4044 — A Description of the Landscape of Anesthesia Care in an Integrated National Healthcare System
Lead/Presenter: Ann Annis, COIN - Ann Arbor
All Authors: Annis AM (VA Ann Arbor Healthcare System)
Rahman M (Kellogg Eye Center)
Sales A (VA Ann Arbor Healthcare System, University of Michigan Medical School)
Robinson C (VA Ann Arbor Healthcare System)
Sullivan SC (Office of Nursing Services)
Jensen PK (Office of Nursing Services)
Hausman MS (VA Ann Arbor Healthcare System, University of Michigan Medical School)

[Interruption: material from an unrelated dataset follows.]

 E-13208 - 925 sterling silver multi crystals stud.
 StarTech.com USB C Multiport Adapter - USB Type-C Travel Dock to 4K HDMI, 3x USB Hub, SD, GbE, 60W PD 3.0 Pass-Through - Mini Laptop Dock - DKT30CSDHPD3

The VA employs physician anesthesiologists, certified registered nurse anesthetists (CRNAs), and anesthesiology residents, to provide anesthesia care to Veterans nationwide, but little is known about the models of care utilized throughout the system. Our aim was to understand and describe the models of anesthesia care in VHA.
Retrospective surgical data from 125 VHA facilities for an 18-month period (October 1, 2013-March 31, 2015) were analyzed. Three models of anesthesia care were identified based on the documented principal anesthetist and supervising anesthetist (if present): Model 1: physician anesthesiologist supervising a CRNA; Model 2: physician anesthesiologist practicing independently or supervising an anesthesiology resident; and Model 3: CRNA without a supervising anesthesiologist. Case volume and the prevalence of anesthesia care models were determined by surgical case complexity, patient health status, and facility complexity.

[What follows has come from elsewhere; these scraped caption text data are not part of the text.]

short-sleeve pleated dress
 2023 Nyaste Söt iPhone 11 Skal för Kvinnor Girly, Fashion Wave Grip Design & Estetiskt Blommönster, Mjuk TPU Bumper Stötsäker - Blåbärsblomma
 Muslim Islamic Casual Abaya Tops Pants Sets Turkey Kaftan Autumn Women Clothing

Over half (57%) of all surgical cases indicated a model of physician anesthesiologist supervising CRNA (Model 1), whereas 32% of cases were categorized as having a physician-driven model (Model 2: physician anesthesiologist practicing independently or physician anesthesiologist supervising resident), and 12% of cases indicated a CRNA without supervision model (Model 3). A higher proportion of highly complex cases were Model 2 (39%) than Model 3 (6%). Over half of surgical cases in the largest, most complex facilities utilized a supervisory approach to anesthesia care (Model 1), while the CRNA without supervision model (Model 3) was found almost exclusively among surgical cases in smaller facilities with lower complexity.

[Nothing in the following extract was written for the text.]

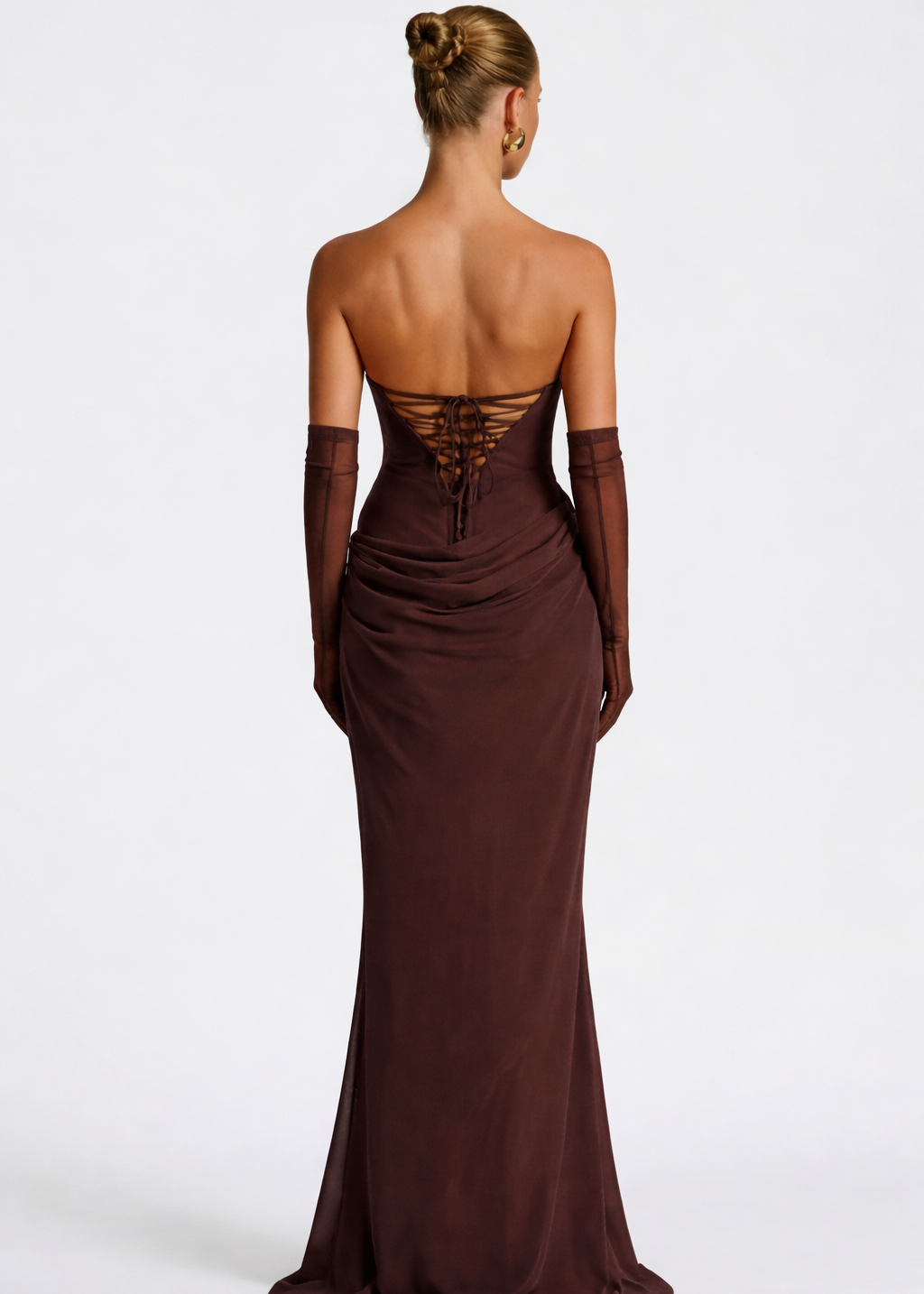 Vestido de noite maxi drapeado para mulher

Documentation of surgical cases in VHA facilities indicates that anesthesia care is delivered primarily by physician anesthesiologists supervising CRNAs. CRNA without supervision was most prevalent among lower complexity surgical cases and lower complexity facilities with less surgical volume.
Utilization of CRNAs in VHA is likely influenced by case- and facility-level factors, and by the surgical services and availability of physician anesthesiologists at facilities. CRNA practice without supervision may be a component of guaranteeing access to surgical services in VHA, particularly at smaller, rural facilities. Further efforts should evaluate how anesthesia care models best optimize care delivery, benefit anesthesia providers, and improve health outcomes for patients.